To use the instant application switcher and additional commands, summon the App Switcher as usual and then, once you’re in the application switcher, you can try some of these other modifier key sequences for different behaviors.
10 Command+Tab Application Switcher Tricks for Mac OS X
Command+Tab launches the Application Switcher, that’s the first step.
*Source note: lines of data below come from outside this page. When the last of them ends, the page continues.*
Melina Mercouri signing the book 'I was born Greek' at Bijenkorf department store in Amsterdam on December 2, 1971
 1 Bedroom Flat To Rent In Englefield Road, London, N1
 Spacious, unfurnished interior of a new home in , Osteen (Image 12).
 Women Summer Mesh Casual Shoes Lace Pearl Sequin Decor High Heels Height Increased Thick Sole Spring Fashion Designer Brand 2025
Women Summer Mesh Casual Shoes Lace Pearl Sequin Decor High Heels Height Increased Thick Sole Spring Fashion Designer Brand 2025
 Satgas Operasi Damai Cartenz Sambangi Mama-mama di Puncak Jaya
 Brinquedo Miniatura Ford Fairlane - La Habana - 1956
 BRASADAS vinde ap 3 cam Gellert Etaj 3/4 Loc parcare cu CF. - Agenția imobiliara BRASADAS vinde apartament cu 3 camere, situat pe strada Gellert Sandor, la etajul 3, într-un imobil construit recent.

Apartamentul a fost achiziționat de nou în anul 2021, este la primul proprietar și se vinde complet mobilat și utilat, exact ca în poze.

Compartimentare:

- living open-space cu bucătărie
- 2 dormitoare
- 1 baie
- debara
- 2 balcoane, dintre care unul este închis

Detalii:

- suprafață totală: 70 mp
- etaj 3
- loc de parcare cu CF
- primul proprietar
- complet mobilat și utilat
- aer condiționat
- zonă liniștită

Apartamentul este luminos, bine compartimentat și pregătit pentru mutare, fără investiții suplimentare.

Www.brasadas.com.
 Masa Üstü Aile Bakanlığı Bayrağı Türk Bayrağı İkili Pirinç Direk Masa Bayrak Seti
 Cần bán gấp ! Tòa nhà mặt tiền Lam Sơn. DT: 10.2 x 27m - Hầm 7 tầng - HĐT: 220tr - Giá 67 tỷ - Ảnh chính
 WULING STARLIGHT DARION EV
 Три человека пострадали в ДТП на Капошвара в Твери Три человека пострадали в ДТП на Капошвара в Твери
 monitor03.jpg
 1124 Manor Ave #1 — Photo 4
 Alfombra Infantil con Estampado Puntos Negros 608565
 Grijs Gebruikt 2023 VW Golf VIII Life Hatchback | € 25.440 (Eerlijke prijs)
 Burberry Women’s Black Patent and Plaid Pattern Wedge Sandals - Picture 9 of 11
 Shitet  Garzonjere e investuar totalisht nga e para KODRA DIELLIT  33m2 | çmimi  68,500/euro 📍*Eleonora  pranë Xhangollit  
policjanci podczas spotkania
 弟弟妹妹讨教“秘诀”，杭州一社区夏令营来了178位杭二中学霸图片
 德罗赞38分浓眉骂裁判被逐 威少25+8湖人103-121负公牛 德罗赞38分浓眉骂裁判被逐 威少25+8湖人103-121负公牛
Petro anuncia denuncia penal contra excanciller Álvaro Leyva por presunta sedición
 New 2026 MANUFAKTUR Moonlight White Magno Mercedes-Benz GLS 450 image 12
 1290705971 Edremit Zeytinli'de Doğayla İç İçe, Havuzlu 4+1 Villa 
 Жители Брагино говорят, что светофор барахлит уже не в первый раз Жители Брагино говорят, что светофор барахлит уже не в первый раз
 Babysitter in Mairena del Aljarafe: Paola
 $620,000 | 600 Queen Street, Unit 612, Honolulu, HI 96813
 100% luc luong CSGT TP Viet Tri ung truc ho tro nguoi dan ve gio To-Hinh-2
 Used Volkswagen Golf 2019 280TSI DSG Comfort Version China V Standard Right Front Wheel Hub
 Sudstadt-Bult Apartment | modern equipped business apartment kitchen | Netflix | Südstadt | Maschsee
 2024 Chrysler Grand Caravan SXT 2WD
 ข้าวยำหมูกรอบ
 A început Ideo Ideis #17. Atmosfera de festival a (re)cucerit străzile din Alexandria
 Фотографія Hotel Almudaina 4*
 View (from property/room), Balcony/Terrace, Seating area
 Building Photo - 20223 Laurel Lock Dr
Then, continue holding down the Command key and then try the following buttons to modify the behavior of the app switcher of OS X:
- Release the Command+Tab keys when the highlight is on a selected app to switch to that highlighted app
- tab – move selection to the right in the app list
- ` – move selection to the left
- h – hide the selected application
- q – quit the selected application
- mouse scrollwheel – move the selection back and forth
- left arrow – move selection to the left
- right arrow – move selection to the right
- up arrow – enter expose (Mission Control) within the selected application
- down arrow – enter expose (Mission Control) within the selected application
Even if you can’t memorize them all for now, remembering the three basics is a great place to start to help navigate around your open Mac applications: The core Command+Tab switcher trick, plus Q and H to quit and hide the chosen app, respectively.
Memorize these tips to master the Mac application switcher and speed up your workflow!
Note: the Expose / Mission Control orientated features will only work on fairly newer versions of OS X, meaning beyond Snow Leopard, but including Mountain Lion, Mavericks, OS X Yosemite, etc. The Application Switcher may look slightly differently dependent on the version of OS X, but it has been around since the beginning of the operating system and will almost certainly carry forward in future versions of Mac OS.